(Data excerpts)
-=-=-

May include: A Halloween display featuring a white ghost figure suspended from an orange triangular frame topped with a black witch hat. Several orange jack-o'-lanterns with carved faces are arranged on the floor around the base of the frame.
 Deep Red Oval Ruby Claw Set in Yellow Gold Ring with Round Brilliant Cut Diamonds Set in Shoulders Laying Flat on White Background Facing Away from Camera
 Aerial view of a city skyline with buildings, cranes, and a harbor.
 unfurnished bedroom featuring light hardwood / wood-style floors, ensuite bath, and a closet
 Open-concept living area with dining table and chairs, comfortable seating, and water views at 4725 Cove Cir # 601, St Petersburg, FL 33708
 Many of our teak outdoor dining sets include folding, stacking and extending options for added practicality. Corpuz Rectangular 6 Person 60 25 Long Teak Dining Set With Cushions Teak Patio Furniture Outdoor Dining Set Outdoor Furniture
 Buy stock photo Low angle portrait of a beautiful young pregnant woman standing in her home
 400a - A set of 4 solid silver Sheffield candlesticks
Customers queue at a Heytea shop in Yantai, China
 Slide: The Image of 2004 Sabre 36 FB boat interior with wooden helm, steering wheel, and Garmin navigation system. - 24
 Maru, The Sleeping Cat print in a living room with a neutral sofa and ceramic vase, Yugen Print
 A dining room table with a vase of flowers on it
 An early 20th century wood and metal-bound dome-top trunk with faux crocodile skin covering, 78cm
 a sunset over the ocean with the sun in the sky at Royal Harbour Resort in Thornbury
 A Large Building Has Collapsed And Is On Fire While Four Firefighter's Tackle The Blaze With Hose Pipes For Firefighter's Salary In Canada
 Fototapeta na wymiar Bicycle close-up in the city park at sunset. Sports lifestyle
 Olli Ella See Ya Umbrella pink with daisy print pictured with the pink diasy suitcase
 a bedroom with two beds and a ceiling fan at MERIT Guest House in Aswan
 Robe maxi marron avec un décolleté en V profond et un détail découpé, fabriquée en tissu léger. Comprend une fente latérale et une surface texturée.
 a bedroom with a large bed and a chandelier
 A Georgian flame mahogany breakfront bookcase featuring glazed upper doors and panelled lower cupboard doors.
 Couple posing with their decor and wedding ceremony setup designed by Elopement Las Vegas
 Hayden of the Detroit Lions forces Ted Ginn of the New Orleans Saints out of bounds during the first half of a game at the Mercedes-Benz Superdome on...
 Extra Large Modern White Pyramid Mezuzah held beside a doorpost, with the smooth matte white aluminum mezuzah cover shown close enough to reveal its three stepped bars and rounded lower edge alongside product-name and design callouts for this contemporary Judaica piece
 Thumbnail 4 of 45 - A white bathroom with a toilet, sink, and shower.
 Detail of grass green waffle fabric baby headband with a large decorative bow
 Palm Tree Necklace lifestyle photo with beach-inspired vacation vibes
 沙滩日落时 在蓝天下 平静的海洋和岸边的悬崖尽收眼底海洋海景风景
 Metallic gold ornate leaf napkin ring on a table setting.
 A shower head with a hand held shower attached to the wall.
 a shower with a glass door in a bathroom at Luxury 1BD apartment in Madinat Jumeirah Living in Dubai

-=-=-

• Exercise: Scan the records above and report how many lines include the word "print", without any other text.

• Task answer: 2